■ **ASSIGNMENT**
Exact reproduction of all the data is required, with pictures excluded.

** Opening DATA BLOCK block **

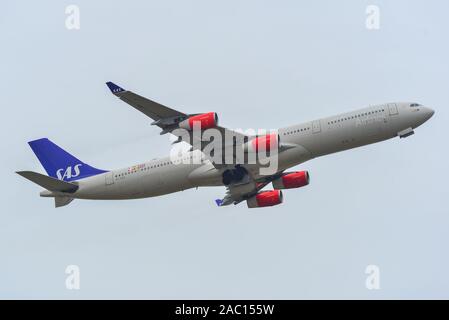 Tokyo, Japan - 17.April 2019. OY - KBA SAS Scandinavian Airlines Airbus A340-300 vom Flughafen Tokio Narita International (NRT). Narita ist der geschäftigste Stockfoto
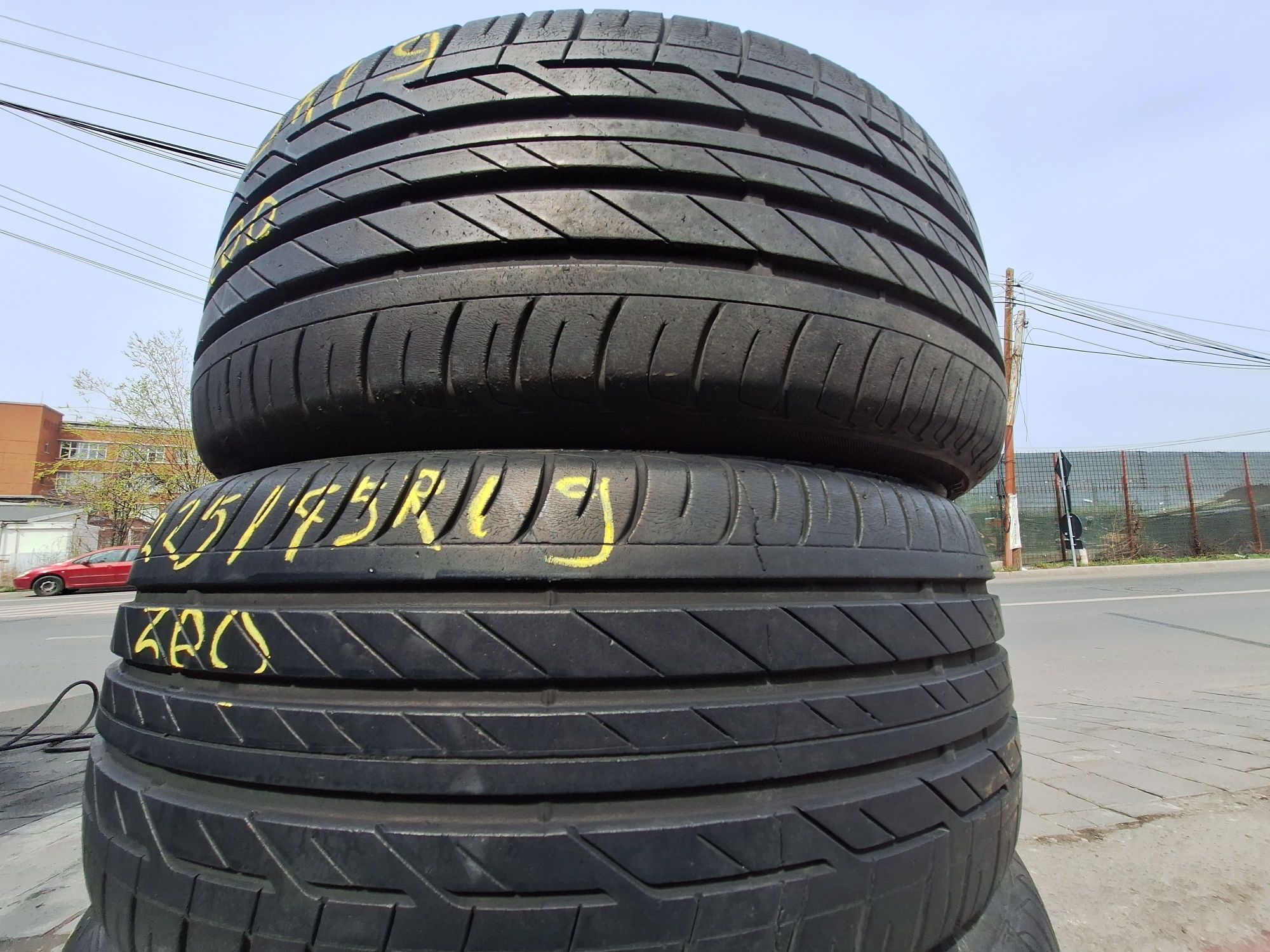 4 anvelope vara 225/45r19 Bridgestone Montaj Gratuit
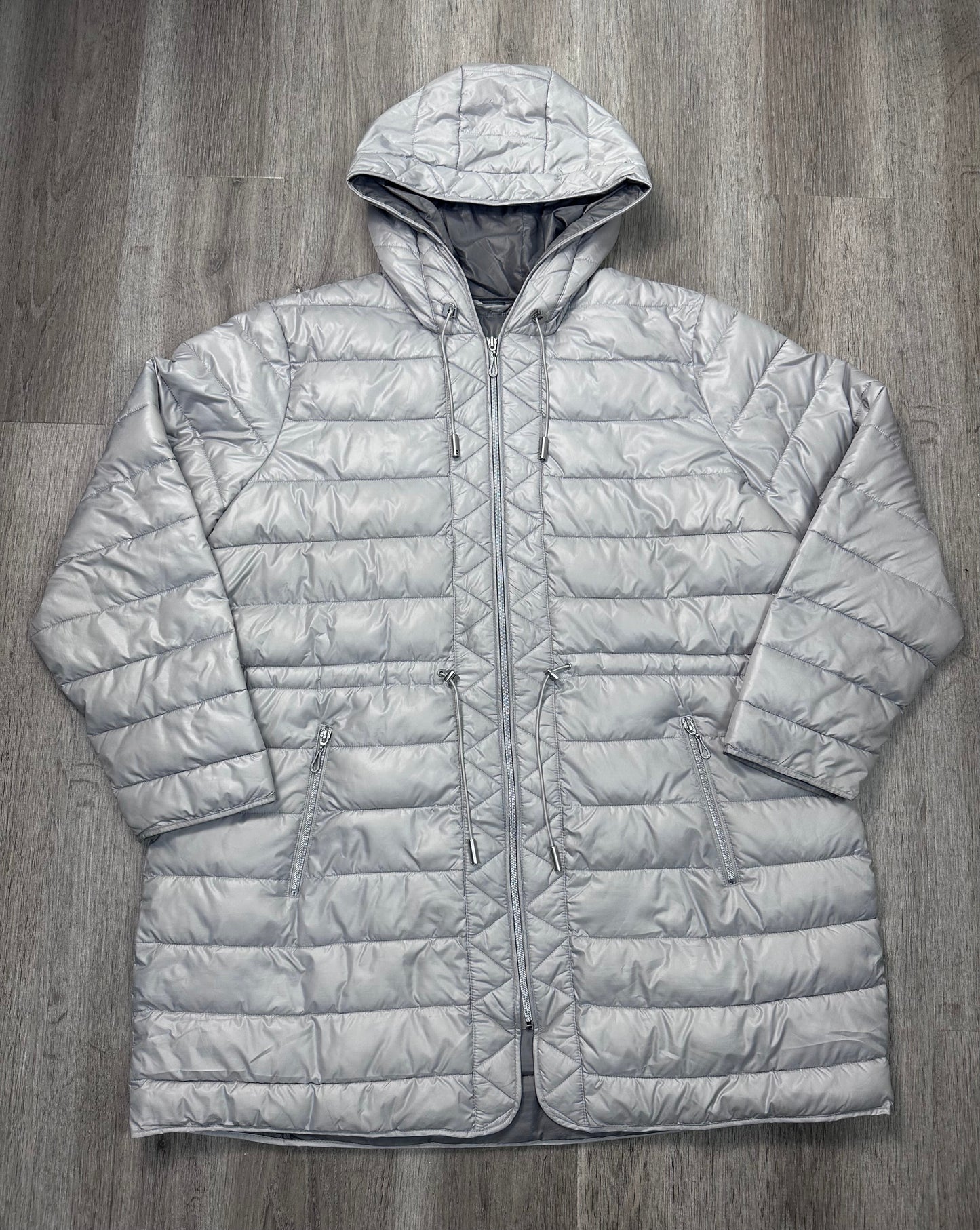 Jacket Puffer & Quilted By Kenneth Cole In Silver, Size: 2x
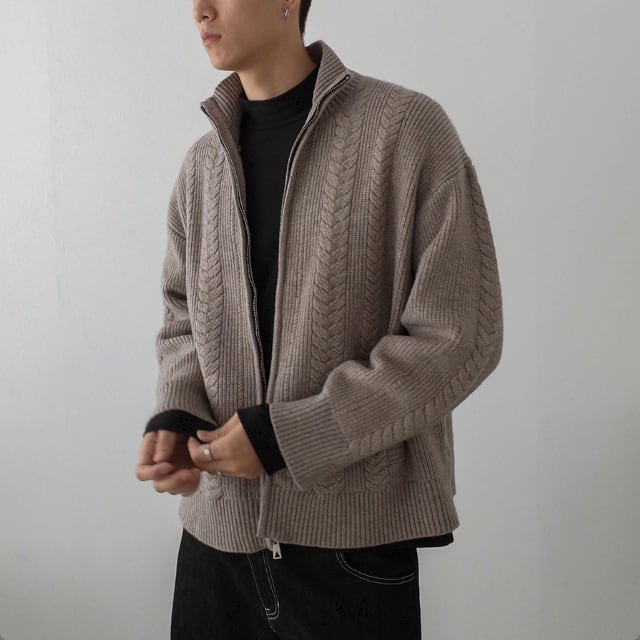 ジップアップスタンドカラーケーブルニット vi1671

** Closing DATA BLOCK block **

■ **RESPONSE TO THE EXERCISE**
 Tokyo, Japan - 17.April 2019. OY - KBA SAS Scandinavian Airlines Airbus A340-300 vom Flughafen Tokio Narita International (NRT). Narita ist der geschäftigste Stockfoto
 4 anvelope vara 225/45r19 Bridgestone Montaj Gratuit
 Jacket Puffer & Quilted By Kenneth Cole In Silver, Size: 2x
 ジップアップスタンドカラーケーブルニット vi1671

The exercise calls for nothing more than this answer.